* [PROVIDED RECORDS]
• • • • •

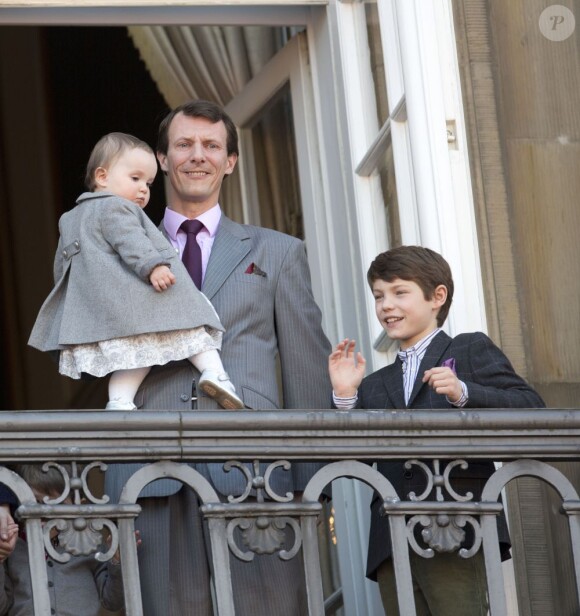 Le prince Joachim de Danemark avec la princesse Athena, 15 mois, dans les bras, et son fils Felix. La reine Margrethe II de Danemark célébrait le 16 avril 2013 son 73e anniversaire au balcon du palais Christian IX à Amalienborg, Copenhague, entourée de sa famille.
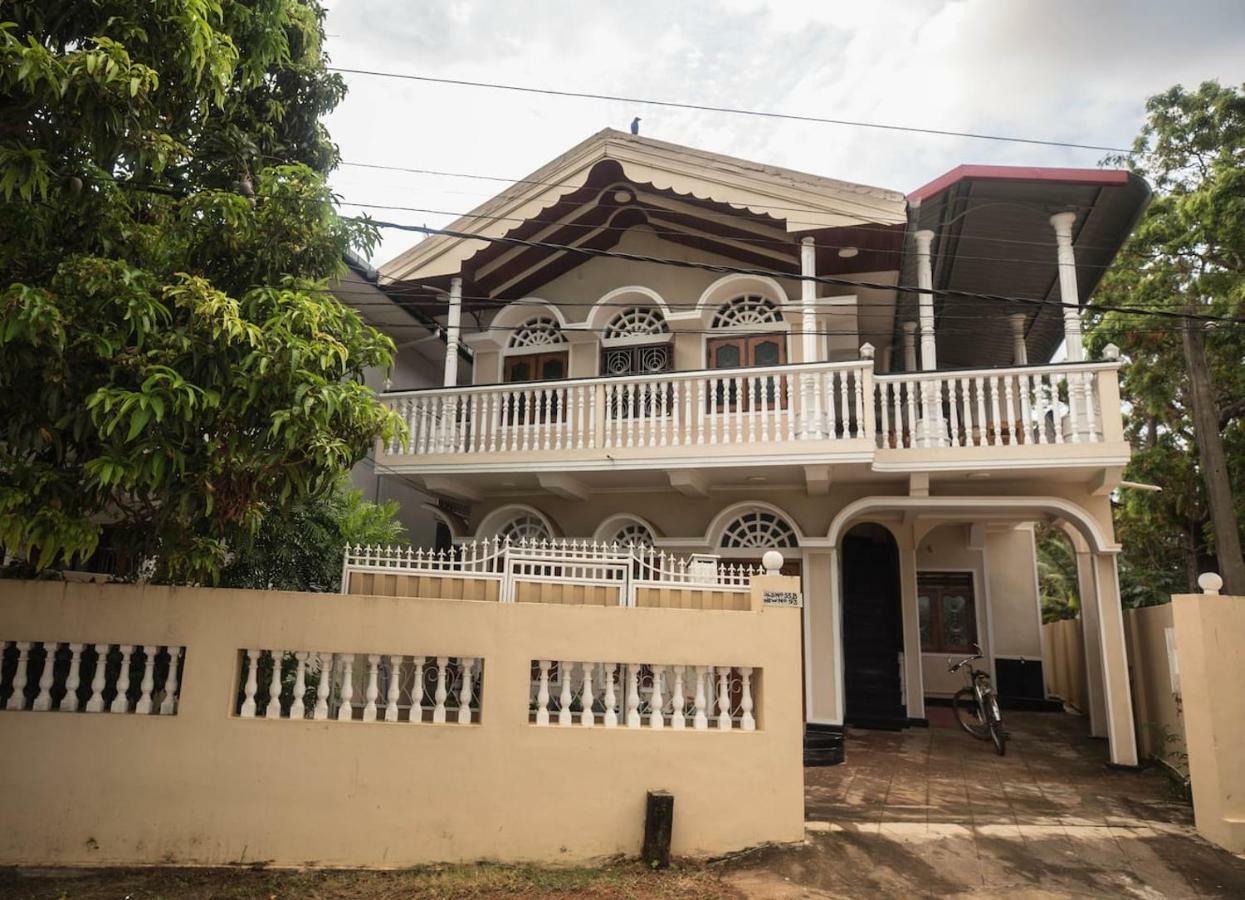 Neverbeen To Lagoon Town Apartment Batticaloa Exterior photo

• • • • •

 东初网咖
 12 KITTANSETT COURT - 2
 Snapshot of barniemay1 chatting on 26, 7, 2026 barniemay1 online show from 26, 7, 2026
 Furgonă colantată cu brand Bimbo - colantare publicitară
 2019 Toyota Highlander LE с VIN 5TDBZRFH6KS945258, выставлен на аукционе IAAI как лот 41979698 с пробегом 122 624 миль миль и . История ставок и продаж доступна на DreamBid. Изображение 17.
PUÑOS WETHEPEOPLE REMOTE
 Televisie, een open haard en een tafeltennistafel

• • • • •

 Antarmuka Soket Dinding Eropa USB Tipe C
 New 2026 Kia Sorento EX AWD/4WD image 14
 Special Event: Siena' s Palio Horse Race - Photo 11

• • • • •

* [GOAL OF THE EXERCISE] Copy the listing above exactly, but only from the line with "Le prince Joachim" through the line with "Neverbeen To Lagoon", including those two lines and excluding any picture.

* [ANSWER TO THE EXERCISE]
 Le prince Joachim de Danemark avec la princesse Athena, 15 mois, dans les bras, et son fils Felix. La reine Margrethe II de Danemark célébrait le 16 avril 2013 son 73e anniversaire au balcon du palais Christian IX à Amalienborg, Copenhague, entourée de sa famille.
 Neverbeen To Lagoon Town Apartment Batticaloa Exterior photo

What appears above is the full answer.